Exercise input below:
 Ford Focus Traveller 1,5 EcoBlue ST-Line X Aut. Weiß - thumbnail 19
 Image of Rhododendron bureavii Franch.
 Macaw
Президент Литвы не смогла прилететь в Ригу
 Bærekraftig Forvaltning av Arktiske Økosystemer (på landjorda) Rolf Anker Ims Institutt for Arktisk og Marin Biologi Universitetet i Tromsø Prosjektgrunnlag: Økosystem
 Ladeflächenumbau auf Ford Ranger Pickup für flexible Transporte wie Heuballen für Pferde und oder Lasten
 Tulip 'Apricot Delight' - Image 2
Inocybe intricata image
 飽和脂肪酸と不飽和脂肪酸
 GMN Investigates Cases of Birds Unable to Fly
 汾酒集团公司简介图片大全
End of Exercise input.
Exercise input below:
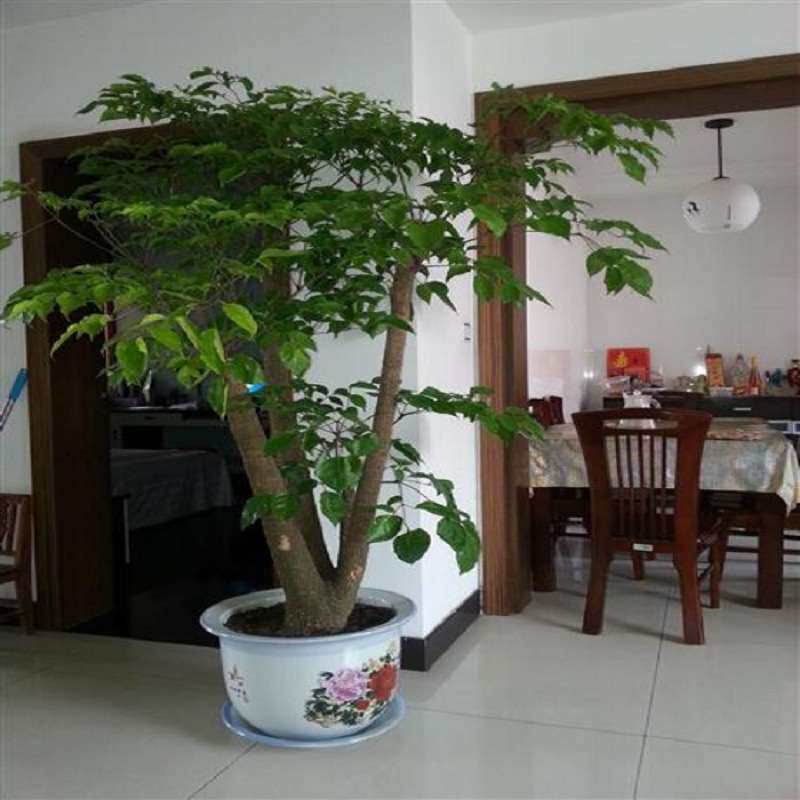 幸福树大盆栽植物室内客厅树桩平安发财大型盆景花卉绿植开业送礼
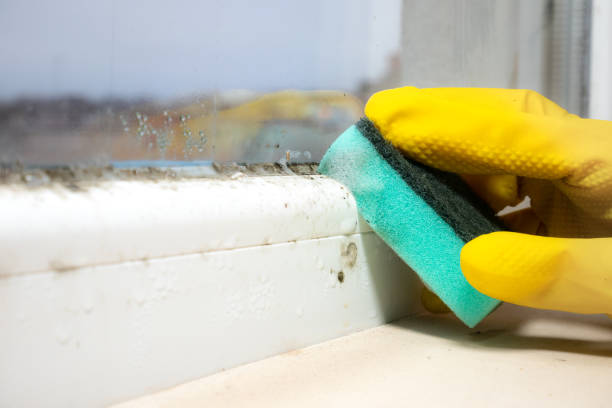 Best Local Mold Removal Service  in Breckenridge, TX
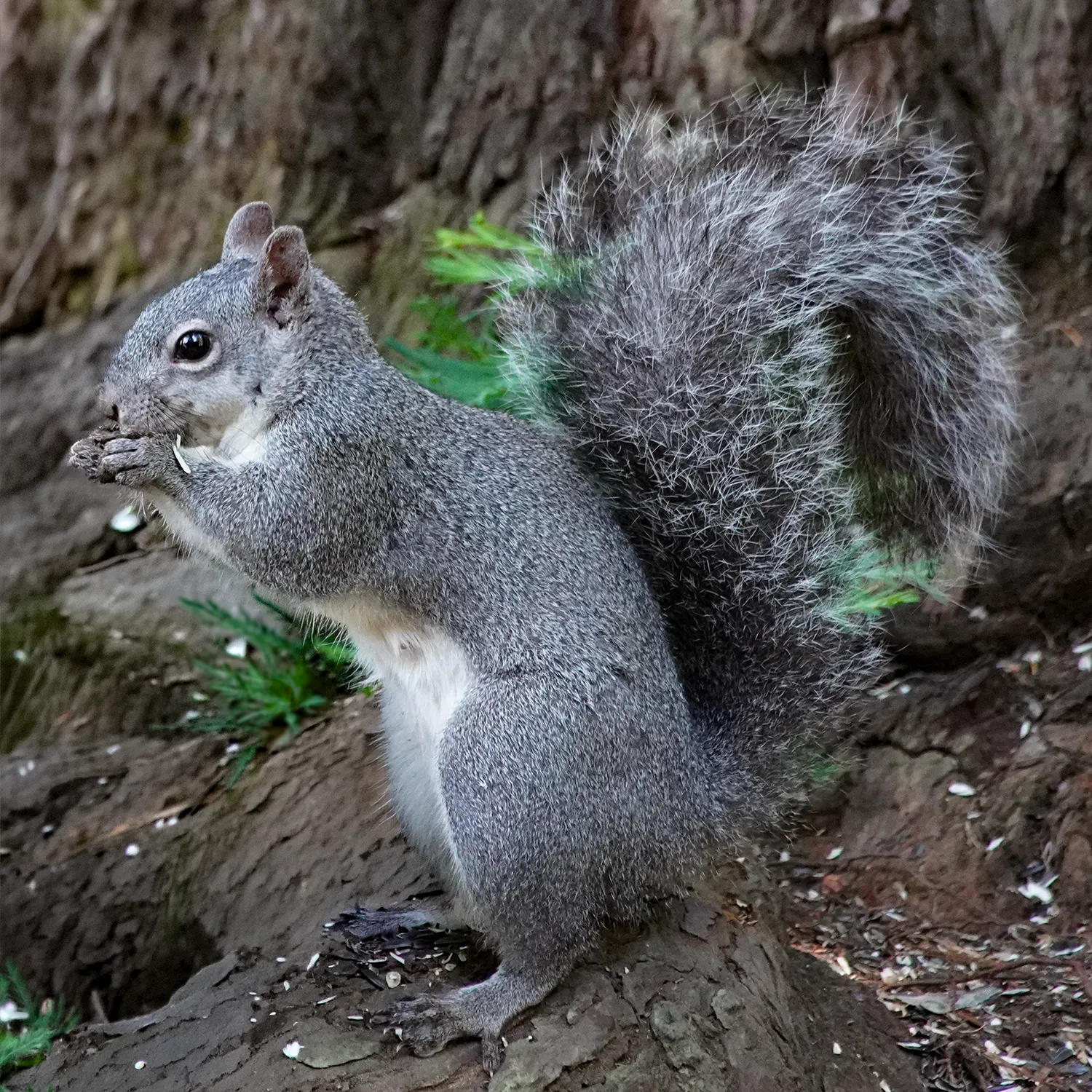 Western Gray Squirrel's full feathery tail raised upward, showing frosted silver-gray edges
End of Exercise input.
Here the job is to set down exactly the lines of the material above that fall between the one with "GMN Investigates Cases" and the one with "汾酒集团公司简介图片大全", inclusive, and nothing beyond them.

#### Response for this exercise
 GMN Investigates Cases of Birds Unable to Fly
 汾酒集团公司简介图片大全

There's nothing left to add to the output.